Randomly updating datafied representations

Avoid doing this for any purpose other than navigation. Prefer shifting via the helpers in jedi-time.datafied.tools.clj.

Traversing the graph

Sometimes it is possible to skip levels when navigating, and other times it isn't. For example, you can navigate to :julian/day directly from a datafied ZonedDateTime, but not from a datafied Instant. This is intentional, as an Instant requires zone/offset translation in order to obtain date field(s) awareness. So you must first upgrade it (see tools/at-zone and tools/at-offset), and then skipping levels becomes possible.

TL;DR

  • clojure.core/Datafiable has been extended to the main 13 types in java.time.

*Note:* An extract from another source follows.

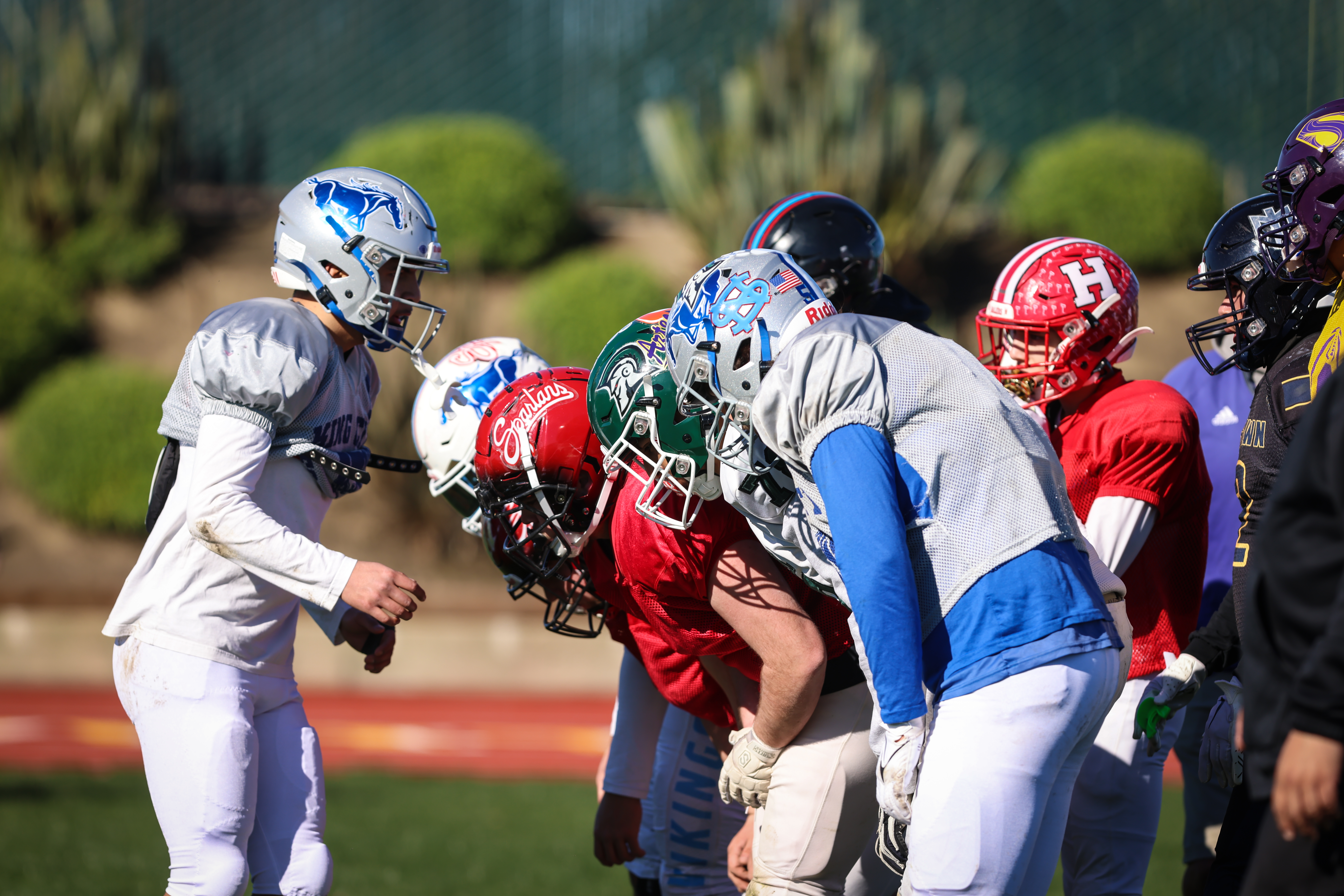 Multiple-football-playes-huddled-in-different-uniforms.jpg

  • (d/datafy x) turns those 13 types into Clojure maps, and jdt/undatafy turns those (or meta-less mirrors of them) back into the right Java object.

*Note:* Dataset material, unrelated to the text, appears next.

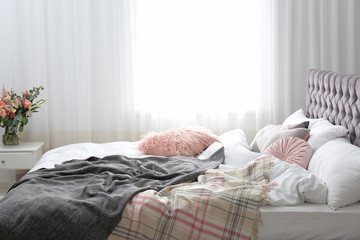 Comfortable bed with plaids and pillows in room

  • These maps can be navigated (via d/nav) in ways that reflect the inner structure of the underlying Java objects.

  • These maps make themselves useful by wrapping some of functionality of the underlying Java objects (formatting, shifting, comparing etc).

  • Some extra navigation capabilities exist (beyond the contained keys).

  • Some parsing helpers exist in jedi-time.parse.

  • Reflection-free

License

Copyright © 2019 Dimitrios Piliouras

Distributed under the Eclipse Public License either version 1.0 or (at your option) any later version.